Dona Ana County Photo. Former inmate gets $15M: Stephen Slevin at the time of his arrest, left, and after nearly two years in jail.  



 Former inmate gets $15M: Stephen Slevin at the time of his arrest, left, and after nearly two years in jail. IMAGE Stephen Slevin, who spent almost two years in solitary confinement in a New Mexico jail without proper medical care or a trial, has agreed to settle with the county that incarcerated him.
Time is finally money for Stephen Slevin. The 59-year-old man, thrown in solitary confinement at a New Mexico jail for 22 months without receiving a hearing or adequate medical care, agreed Wednesday to settle with Dona Ana County for $15.5 million in damages, according to the Santa Fe Reporter.

Slevin was awarded $22 million in January 2012 for the time he spent in seclusion, but the county appealed the decision and refused to pay, arguing the amount was excessive. A mediator helped the two sides reach an agreement.
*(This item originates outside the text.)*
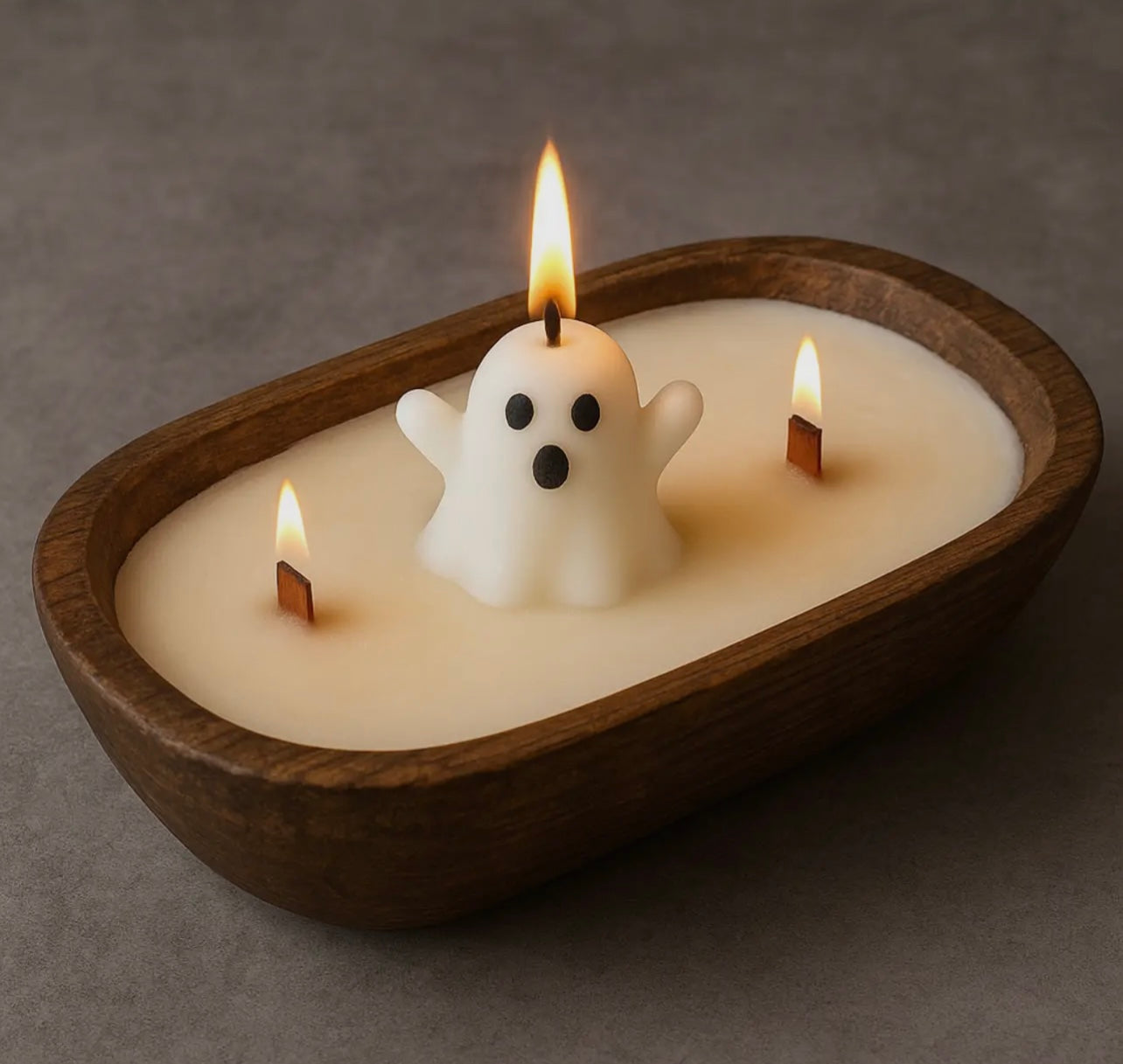 PREORDER Wicked Ghost Dough Bowl Candle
Slevin will receive the first $6 million this week from the New Mexico Association of Counties. According to the Reporter, the rest of the award will come from cash reserves, which taxpayers will have to pay for.

"It has been a long and hard fight to bring Mr. Slevin justice," Matthew Coyte, Slevin's attorney, told the Reporter. "This settlement, although very large, does not give back to Mr. Slevin what was taken from him, but if it prevents others from enduring the pain and suffering he was subjected to, then the fight has been worthwhile."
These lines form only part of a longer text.